Starting at the line below holding "EntreSkills is designed" and stopping at the line holding "Now, inside the", print every line exactly, both ends included, and leave the rest out.

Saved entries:
---+---

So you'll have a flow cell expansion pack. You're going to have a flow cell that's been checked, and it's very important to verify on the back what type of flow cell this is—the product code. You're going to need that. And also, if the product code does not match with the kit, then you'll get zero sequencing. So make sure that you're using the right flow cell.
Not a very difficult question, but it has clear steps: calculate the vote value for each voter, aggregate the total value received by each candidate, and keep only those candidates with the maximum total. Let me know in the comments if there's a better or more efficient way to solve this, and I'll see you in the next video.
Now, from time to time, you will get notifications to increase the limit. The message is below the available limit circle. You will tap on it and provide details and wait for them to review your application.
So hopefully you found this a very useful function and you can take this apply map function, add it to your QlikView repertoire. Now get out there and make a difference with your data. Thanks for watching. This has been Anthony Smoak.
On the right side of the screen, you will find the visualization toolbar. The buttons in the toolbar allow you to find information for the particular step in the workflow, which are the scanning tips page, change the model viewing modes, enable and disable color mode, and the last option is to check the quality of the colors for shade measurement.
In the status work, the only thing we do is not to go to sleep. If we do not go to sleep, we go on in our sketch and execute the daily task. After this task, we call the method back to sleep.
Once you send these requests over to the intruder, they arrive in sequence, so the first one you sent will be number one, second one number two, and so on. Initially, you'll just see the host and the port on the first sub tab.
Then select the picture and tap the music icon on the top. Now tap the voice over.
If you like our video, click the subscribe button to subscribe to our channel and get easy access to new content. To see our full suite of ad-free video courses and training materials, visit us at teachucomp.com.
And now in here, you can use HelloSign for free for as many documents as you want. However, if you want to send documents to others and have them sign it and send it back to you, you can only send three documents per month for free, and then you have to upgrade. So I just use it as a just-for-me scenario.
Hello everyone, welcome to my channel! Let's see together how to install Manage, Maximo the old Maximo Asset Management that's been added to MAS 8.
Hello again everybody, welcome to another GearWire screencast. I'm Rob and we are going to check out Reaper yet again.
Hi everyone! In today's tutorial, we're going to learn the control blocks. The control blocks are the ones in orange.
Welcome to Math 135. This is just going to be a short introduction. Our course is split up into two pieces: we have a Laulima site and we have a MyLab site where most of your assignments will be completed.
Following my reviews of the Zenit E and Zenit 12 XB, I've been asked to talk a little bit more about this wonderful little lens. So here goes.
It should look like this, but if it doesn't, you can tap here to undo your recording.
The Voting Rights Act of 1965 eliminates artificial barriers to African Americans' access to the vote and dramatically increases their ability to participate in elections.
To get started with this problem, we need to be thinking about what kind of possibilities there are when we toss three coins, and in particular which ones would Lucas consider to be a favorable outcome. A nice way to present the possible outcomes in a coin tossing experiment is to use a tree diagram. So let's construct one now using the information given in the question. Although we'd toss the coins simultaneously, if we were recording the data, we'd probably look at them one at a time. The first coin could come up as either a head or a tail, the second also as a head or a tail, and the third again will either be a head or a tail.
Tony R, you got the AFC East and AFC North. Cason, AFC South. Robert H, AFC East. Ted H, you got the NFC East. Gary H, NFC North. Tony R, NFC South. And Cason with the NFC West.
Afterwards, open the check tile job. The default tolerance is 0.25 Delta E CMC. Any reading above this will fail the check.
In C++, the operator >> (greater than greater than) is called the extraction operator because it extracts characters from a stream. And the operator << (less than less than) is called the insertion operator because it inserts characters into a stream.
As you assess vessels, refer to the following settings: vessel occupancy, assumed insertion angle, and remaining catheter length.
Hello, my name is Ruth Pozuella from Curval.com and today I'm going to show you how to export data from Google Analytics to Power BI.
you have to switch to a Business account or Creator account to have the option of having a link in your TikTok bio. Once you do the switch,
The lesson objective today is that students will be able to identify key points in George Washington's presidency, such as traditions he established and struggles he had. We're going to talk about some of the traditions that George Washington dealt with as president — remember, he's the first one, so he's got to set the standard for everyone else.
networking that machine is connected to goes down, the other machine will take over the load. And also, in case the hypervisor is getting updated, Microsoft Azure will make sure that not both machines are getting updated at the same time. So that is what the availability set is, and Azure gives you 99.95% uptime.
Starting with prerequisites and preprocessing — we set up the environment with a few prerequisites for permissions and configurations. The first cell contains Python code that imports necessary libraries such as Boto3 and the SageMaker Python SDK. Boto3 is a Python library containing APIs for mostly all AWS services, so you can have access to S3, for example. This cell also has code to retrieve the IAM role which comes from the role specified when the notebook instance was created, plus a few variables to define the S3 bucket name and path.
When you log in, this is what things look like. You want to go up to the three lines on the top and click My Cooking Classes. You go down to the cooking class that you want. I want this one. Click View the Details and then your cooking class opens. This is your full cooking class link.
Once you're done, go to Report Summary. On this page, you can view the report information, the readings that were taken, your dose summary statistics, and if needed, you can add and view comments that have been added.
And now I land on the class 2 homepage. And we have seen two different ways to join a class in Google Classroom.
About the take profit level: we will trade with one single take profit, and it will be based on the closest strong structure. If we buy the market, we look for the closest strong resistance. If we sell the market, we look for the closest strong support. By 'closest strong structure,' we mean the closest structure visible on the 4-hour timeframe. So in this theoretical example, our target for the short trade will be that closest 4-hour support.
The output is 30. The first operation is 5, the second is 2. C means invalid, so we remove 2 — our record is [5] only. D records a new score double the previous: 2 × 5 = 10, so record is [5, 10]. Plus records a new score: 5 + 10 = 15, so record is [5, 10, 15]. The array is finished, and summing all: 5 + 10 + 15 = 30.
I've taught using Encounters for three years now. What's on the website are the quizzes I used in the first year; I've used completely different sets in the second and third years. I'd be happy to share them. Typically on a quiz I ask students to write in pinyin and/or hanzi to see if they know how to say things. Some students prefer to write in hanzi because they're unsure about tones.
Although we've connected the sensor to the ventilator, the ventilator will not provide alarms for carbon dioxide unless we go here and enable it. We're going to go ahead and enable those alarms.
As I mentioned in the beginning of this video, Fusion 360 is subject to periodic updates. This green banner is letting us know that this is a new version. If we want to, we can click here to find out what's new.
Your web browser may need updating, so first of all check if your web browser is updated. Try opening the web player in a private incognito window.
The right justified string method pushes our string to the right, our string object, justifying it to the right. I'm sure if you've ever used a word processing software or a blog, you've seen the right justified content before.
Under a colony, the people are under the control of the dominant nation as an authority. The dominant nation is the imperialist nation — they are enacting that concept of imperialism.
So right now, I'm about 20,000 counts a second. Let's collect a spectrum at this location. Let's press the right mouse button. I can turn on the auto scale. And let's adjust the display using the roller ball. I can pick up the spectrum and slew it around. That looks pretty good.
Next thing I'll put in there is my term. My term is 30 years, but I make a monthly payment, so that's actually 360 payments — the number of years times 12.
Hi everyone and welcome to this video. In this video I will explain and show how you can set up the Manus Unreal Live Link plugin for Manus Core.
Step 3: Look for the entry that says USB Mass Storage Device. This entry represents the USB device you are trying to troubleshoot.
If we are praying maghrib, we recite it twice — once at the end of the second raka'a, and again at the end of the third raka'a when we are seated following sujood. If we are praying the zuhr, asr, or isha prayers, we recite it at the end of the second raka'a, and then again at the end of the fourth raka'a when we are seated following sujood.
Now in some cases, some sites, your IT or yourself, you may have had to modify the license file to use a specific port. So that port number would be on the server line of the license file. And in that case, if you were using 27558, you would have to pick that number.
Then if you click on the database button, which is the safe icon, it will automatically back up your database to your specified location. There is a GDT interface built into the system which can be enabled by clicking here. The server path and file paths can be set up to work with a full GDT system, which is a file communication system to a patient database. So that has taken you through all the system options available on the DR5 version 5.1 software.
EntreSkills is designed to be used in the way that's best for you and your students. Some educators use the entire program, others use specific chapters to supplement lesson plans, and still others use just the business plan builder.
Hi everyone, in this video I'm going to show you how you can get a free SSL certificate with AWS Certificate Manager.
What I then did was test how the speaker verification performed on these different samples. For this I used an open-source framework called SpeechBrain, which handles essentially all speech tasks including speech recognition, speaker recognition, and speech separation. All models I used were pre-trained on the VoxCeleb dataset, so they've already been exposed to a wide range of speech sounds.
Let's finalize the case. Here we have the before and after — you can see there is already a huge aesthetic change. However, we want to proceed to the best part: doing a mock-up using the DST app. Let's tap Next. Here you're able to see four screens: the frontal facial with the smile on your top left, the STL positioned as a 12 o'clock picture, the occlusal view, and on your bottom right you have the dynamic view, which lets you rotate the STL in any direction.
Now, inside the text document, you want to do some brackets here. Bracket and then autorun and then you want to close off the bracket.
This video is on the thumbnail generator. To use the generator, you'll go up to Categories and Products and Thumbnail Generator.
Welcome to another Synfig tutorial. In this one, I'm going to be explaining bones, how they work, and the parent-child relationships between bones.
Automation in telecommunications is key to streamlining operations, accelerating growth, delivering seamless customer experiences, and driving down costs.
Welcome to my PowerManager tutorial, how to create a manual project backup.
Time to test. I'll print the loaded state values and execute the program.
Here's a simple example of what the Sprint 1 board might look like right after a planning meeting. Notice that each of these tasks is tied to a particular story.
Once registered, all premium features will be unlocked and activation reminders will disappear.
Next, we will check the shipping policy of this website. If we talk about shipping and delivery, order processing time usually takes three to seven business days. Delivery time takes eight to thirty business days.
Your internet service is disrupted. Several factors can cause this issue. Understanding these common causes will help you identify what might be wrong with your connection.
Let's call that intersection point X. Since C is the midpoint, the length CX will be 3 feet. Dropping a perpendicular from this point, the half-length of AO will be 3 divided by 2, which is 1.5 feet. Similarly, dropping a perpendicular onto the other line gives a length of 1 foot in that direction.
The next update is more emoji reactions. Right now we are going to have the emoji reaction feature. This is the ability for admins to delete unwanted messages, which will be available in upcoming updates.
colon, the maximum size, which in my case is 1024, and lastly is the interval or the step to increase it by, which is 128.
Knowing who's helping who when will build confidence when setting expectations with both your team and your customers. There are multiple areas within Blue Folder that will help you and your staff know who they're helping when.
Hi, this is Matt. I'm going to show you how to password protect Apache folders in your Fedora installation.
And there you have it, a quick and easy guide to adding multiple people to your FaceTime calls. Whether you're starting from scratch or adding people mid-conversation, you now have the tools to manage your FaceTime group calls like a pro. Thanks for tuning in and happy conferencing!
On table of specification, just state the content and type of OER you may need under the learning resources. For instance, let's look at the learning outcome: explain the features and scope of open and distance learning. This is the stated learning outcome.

---+---

Written response
EntreSkills is designed to be used in the way that's best for you and your students. Some educators use the entire program, others use specific chapters to supplement lesson plans, and still others use just the business plan builder.
Hi everyone, in this video I'm going to show you how you can get a free SSL certificate with AWS Certificate Manager.
What I then did was test how the speaker verification performed on these different samples. For this I used an open-source framework called SpeechBrain, which handles essentially all speech tasks including speech recognition, speaker recognition, and speech separation. All models I used were pre-trained on the VoxCeleb dataset, so they've already been exposed to a wide range of speech sounds.
Let's finalize the case. Here we have the before and after — you can see there is already a huge aesthetic change. However, we want to proceed to the best part: doing a mock-up using the DST app. Let's tap Next. Here you're able to see four screens: the frontal facial with the smile on your top left, the STL positioned as a 12 o'clock picture, the occlusal view, and on your bottom right you have the dynamic view, which lets you rotate the STL in any direction.
Now, inside the text document, you want to do some brackets here. Bracket and then autorun and then you want to close off the bracket.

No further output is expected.